Jordan $*-$homomorphisms between unital $C^*-$algebras

TL;DR

This paper proves that certain approximate algebraic mappings between unital $C^*$-algebras are actually Jordan homomorphisms, and explores their stability using fixed point methods, extending understanding of algebraic structure preservation.

Contribution

It establishes conditions under which almost unital almost linear maps satisfying specific functional equations are genuine Jordan homomorphisms, including stability results via fixed point techniques.

Findings

Almost unital almost linear maps satisfying the functional equation are Jordan homomorphisms.

For real rank zero $C^*$-algebras, the result holds for continuous maps.

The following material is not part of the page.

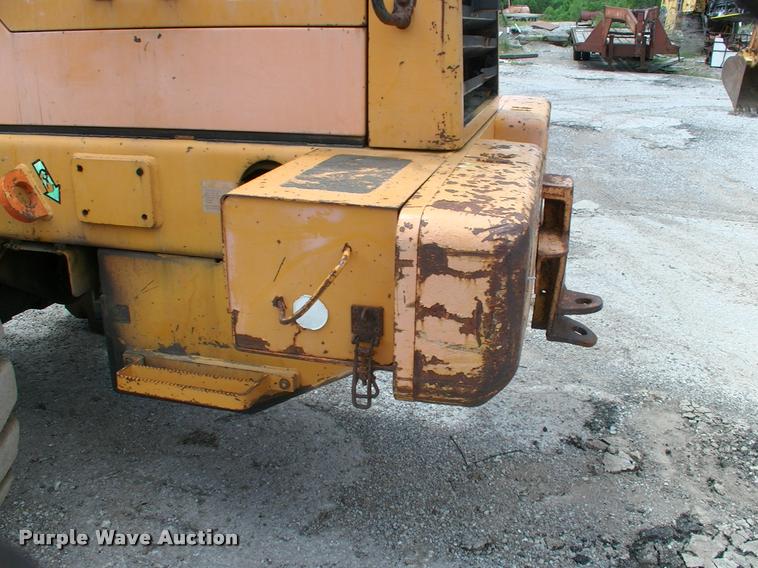 image for item DP9302 1998 Hyundai HL730-3 wheel loader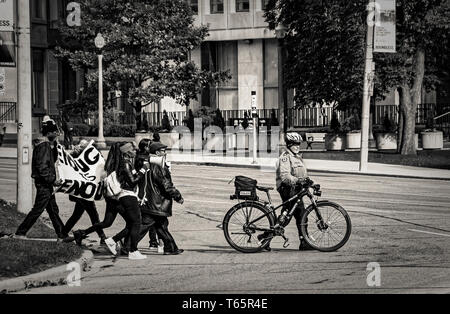 Toronto, Ontario, Canada - 20 10 2018 Location : Canada Agent de police de Toronto d'escorter les membres de démonstration d'activistes politiques dans la rue Banque D'Images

Hyers--Ulam--Rassias stability of Jordan $*$-homomorphisms is demonstrated.

Abstract

Let $A,B$ be two unital $C^*-$algebras. We prove that every almost unital almost linear mapping $h:A\longrightarrow B$ which satisfies $h(3^nuy+3^nyu) = h(3^nu)h(y)+h(y)h(3^nu)$ for all $u\in U(A)$, all $y\in A$, and all $n = 0, 1, 2,...$, is a Jordan homomorphism. Also, for a unital $C^*-$algebra $A$ of real rank zero, every almost unital almost linear continuous mapping $h:A\longrightarrow B$ is a Jordan homomorphism when $h(3^nuy+3^nyu) = h(3^nu)h(y)+h(y)h(3^nu)$ holds for all $u\in I_1(A_{sa})$, all $y\in A,$ and all $n = 0, 1, 2,... ~$. Furthermore, we investigate the Hyers--Ulam--Rassias stability of Jordan $*-$homomorphisms between unital $C^*-$algebras by using the fixed points methods.